With the season all but over, our attention will inevitably turn towards silly season, the summer transfer window. The rumours are starting to swirl and in today’s world, Fabrizio Romano has probably already reported on deals months ago. However, the focus of this article is on managers. There’s a perception that besides Xabi Alonso, there’s a dearth of elite managers on the market, certainly not any shiny new ones, just the old Tuchel’s, Conte’s and Mourinho’s knocking about. Just ask Bayern Munich how their managerial search has gone. Let’s take a look at my four to look out for.

 

 Andoni Iraola - Bournemouth

For long term readers of the Lowe-Down, you might remember my segment on Iraola and his arrival at Bournemouth in my season predictions back in August. That positive endorsement I gave on Iraola is looking pretty good now! Iraola, however, had a slow start to life at the Cherries, but was backed by the board and Bournemouth soon picked up form and Iraola led them to their highest ever points tally in the Premier League, with 48 points.

On top of the record points total achieved in his first season in the Premier League, Iraola has managed to implement his “chaos ball” philosophy, influenced by Marcelo Bielsa. As I highlighted in August, Iraola’s philosophy is unique in that it is based on not what his team’s do with the ball, but what they do without it. Under Iraola, Bournemouth have gone from being one of the most passive teams off the ball to one of the most aggressive. According to Opta, only Liverpool have launched more counter-attacks this season. This high-octane football doesn’t come without its risks, however the rewards have been very worthwhile for the Cherries.

Having been headhunted by now Liverpool technical director, Richard Hughes, Iraola has recently signed a new contract at Bournemouth committing to 2026. Whether Bournemouth can keep hold of him until then remains to be seen.
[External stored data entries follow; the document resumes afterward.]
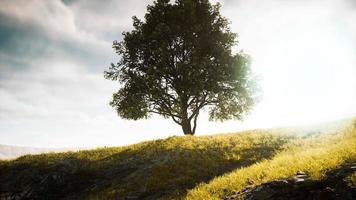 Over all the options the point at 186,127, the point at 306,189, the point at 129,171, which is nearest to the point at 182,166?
the point at 129,171

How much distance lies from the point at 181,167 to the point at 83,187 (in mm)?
5730

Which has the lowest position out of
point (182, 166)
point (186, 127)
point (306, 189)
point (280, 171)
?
point (306, 189)

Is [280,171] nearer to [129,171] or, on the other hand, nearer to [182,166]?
[182,166]

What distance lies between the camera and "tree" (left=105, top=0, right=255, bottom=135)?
108 ft

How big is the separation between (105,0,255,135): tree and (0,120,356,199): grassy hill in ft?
29.8

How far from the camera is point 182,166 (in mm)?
18156

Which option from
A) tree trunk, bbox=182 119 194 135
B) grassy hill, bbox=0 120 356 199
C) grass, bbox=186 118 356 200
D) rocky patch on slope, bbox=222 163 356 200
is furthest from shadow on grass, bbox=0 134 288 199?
tree trunk, bbox=182 119 194 135

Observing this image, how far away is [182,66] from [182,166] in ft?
51.7

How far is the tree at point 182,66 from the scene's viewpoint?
32812 mm

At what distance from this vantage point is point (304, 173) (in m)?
10.9

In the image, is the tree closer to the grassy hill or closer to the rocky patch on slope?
the grassy hill

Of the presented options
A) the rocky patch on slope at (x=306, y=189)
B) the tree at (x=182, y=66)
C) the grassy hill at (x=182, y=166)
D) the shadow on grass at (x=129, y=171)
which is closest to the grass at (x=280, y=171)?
the grassy hill at (x=182, y=166)

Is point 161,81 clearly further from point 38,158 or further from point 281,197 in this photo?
point 281,197

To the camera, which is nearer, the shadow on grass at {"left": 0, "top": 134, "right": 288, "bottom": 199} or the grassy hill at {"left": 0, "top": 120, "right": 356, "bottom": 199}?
the grassy hill at {"left": 0, "top": 120, "right": 356, "bottom": 199}
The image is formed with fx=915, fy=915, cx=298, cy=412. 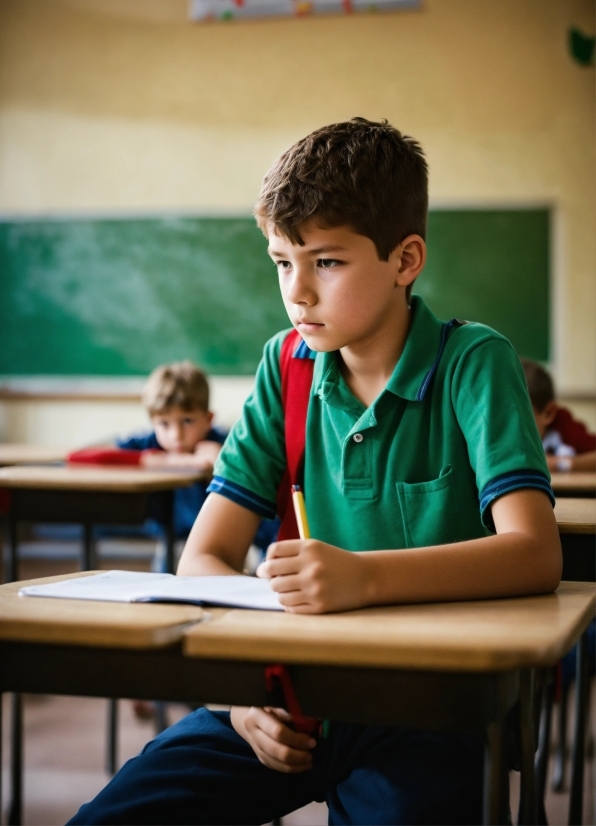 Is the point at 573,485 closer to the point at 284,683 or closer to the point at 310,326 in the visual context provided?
the point at 310,326

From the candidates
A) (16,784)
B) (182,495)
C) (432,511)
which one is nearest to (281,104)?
(182,495)

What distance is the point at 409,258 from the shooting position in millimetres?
1283

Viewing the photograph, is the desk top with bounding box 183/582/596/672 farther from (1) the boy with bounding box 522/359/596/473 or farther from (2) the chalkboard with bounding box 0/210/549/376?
(2) the chalkboard with bounding box 0/210/549/376

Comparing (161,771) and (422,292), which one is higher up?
(422,292)

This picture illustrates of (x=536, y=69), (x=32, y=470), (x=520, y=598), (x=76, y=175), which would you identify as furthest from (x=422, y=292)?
(x=520, y=598)

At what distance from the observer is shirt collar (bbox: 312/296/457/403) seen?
3.97 feet

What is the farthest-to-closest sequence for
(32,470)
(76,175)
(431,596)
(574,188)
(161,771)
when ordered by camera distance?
1. (76,175)
2. (574,188)
3. (32,470)
4. (161,771)
5. (431,596)

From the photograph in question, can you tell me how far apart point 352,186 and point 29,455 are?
2.47 meters

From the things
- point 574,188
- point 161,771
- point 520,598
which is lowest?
point 161,771

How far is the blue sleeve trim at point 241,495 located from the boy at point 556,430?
5.48 ft

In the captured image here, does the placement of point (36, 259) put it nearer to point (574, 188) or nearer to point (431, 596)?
point (574, 188)

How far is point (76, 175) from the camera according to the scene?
5023 millimetres

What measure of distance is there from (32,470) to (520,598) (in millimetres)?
1973

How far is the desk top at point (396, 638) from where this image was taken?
2.42 feet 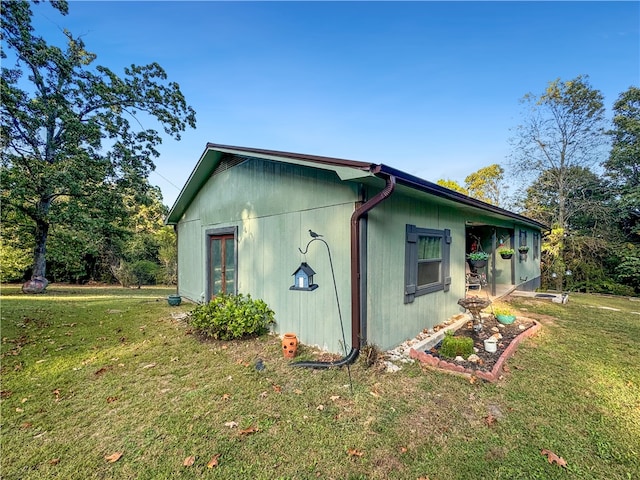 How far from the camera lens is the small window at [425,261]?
4.84 m

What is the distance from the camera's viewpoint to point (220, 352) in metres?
4.52

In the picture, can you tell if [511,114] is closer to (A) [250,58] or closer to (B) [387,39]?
(B) [387,39]

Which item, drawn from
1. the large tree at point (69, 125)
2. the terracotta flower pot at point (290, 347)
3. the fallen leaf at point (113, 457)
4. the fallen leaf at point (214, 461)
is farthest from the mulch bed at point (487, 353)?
the large tree at point (69, 125)

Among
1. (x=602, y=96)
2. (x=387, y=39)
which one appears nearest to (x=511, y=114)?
(x=602, y=96)

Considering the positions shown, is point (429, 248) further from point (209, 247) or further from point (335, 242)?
point (209, 247)

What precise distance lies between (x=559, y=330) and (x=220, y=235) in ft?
24.2

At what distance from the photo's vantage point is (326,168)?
150 inches

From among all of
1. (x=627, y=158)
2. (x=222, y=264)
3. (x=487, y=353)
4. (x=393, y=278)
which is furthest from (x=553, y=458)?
(x=627, y=158)

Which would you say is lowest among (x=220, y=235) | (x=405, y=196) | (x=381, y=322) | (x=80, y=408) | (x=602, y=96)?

Next stop? Perhaps Newcastle or Atletico Madrid if Simeone ever leaves.

 

Michel – Girona

Another Spaniard on this list is Michel who manages Girona in La Liga. Leading La Liga for much of the first-half of the season, the impression was that Girona would fade away. How wrong that was. Whilst Real Madrid have stormed to win La Liga, Girona have qualified for the Champions League, finishing in a remarkable 3rd place, ahead of Atletico Madrid and have done the double over Barcelona.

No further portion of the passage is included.